3. The flame retardant, high temperature resistant polyurethane foam of claim 1, wherein: the solution containing the flame retardant auxiliary is a phosphate starch solution, a modified EGO solution and an ammonium polyphosphate solution; the preparation method comprises the following steps:

preparation of a phosphated starch solution: dissolving 3g of sodium dihydrogen phosphate in 50mL of deionized water, carrying out ultrasonic treatment for 0.5h, adding 20g of starch, fully stirring, adjusting pH=6.5 by using dilute hydrochloric acid, reacting for 0.5h at 65 ℃, cooling, neutralizing to neutrality by using 1mol/L NaOH solution, washing by using absolute ethyl alcohol and deionized water, carrying out suction filtration, drying at 50 ℃ for 24h to obtain phosphorylated starch, and preparing 5wt.% of phosphorylated starch solution by using deionized water;

preparation of modified EGO solution: preparing expandable graphene oxide EGO by a modified Hummers method; adding 0.5g of EGO into 100mL of deionized water, performing ultrasonic dispersion for 1h, adding 100mL of 2wt.% cetyltrimethylammonium bromide solution, and stirring for 2h to obtain a modified EGO solution;

preparation of ammonium polyphosphate solution: 1-5g of ammonium polyphosphate was dissolved in 100mL of deionized water to obtain an ammonium polyphosphate solution.

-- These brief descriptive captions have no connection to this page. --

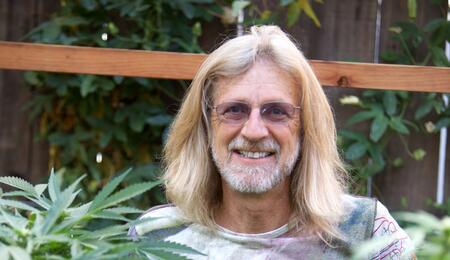 La fin de la phase végétative : une révolution dans la culture du cannabis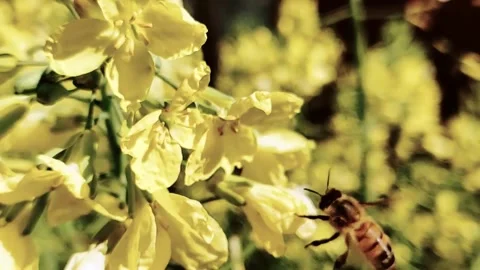 BEE'S ON SPRING FLOWERS - COMPILATION OF SLOW MOTION FOOTAGE Stock Footage 251408942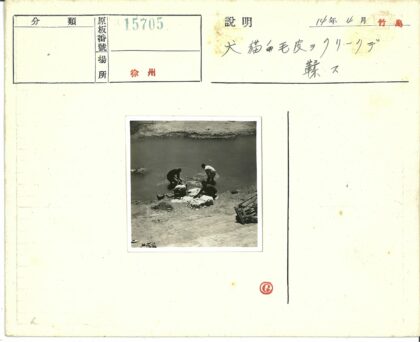 河边洗衣日常.jpg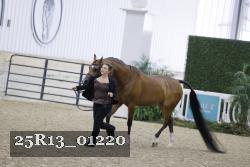 25R13_01220 thumbnail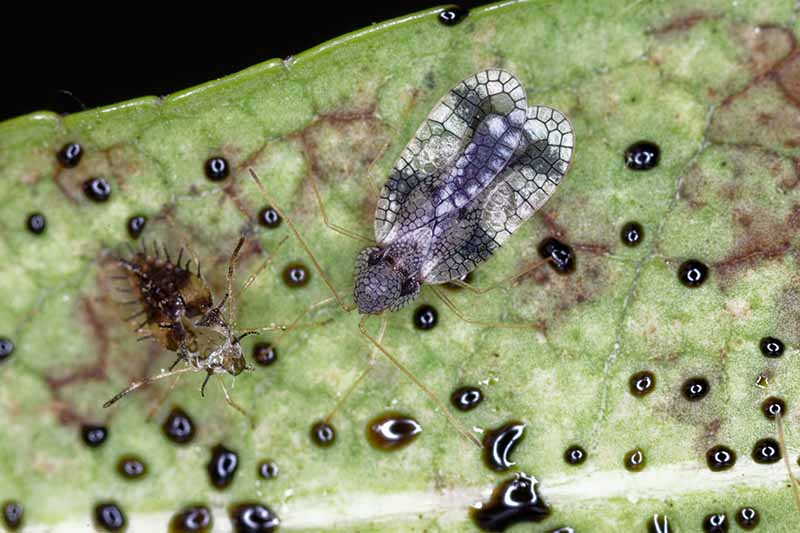 A close up horizontal image of a lace bug on a leaf surrounded by characteristic varnish spots.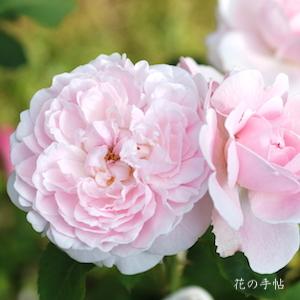 バラ　ミス アリス（Miss Alice）｜花の手帖のバラ図鑑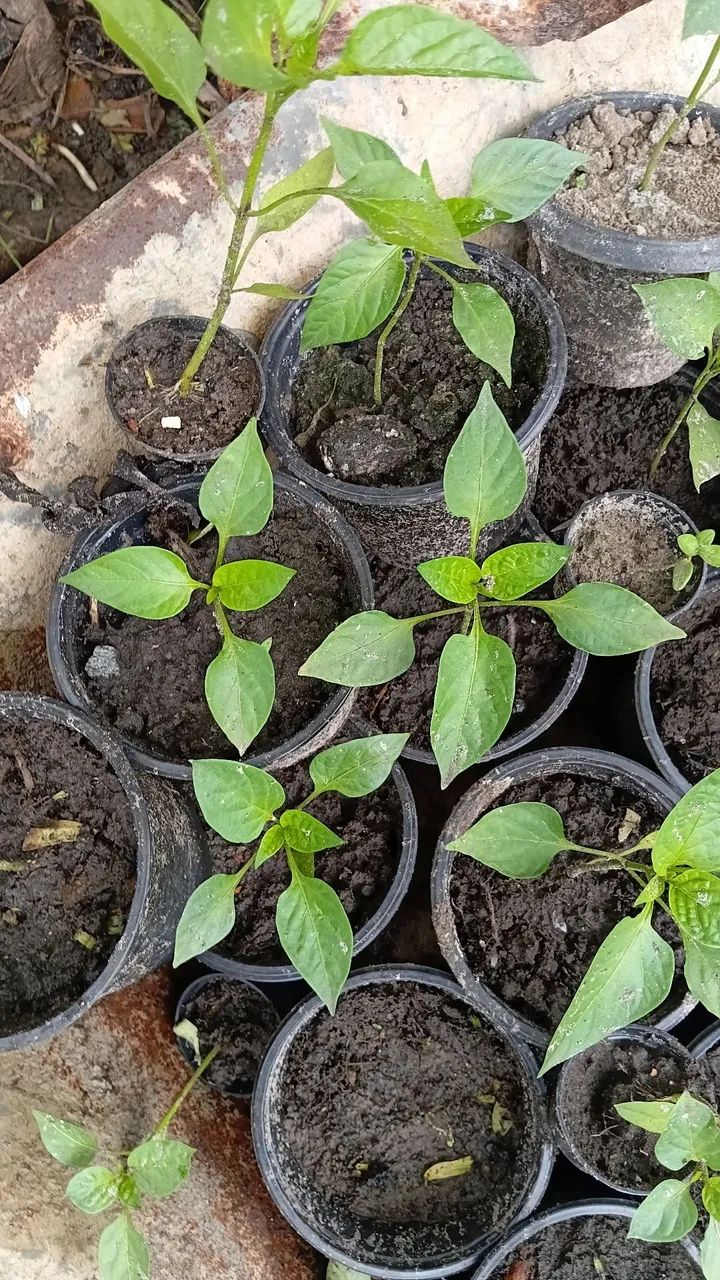 Hortaliças  - Foto 3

4. The flame retardant, high temperature resistant polyurethane foam of claim 1, wherein: the preparation of the high temperature resistant polyurethane foam material comprises the following steps:

(1) Mixing polyether polyol, polypropylene glycol, polymer polyol, high-temperature-resistant filler, amine catalyst, tin catalyst, surfactant and foaming agent, stirring at 1500r/min for 2-3min, and marking as component A;

(2) Diphenylmethane diisocyanate was stirred 1030 s at a speed of 1000r/min, noted as component B;

(3) And (3) increasing the rotating speed of the component A to 2500-3000r/min, adding the component B, stirring for 10-15s, pouring into a mould, controlling the temperature of the mould to be 25+/-0.5 ℃, and cutting after 24-72h to obtain the high-temperature-resistant polyurethane foam material.

5. A method of making the flame retardant, high temperature resistant polyurethane foam of any one of claims 1-4, wherein: the method comprises the following steps:

(1) Immersing the high-temperature-resistant polyurethane foam material in a phosphate starch solution for 0.5h, and drying at 60 ℃ for 2h;

(2) Immersing the foam material dried in the step (1) in a modified EGO solution for 0.5h, and drying at 60 ℃ for 2h;

(3) And (3) immersing the foam material dried in the step (2) in an ammonium polyphosphate solution for 0.5h and drying at 60 ℃ for 2h to obtain the flame-retardant high-temperature-resistant polyurethane foam material.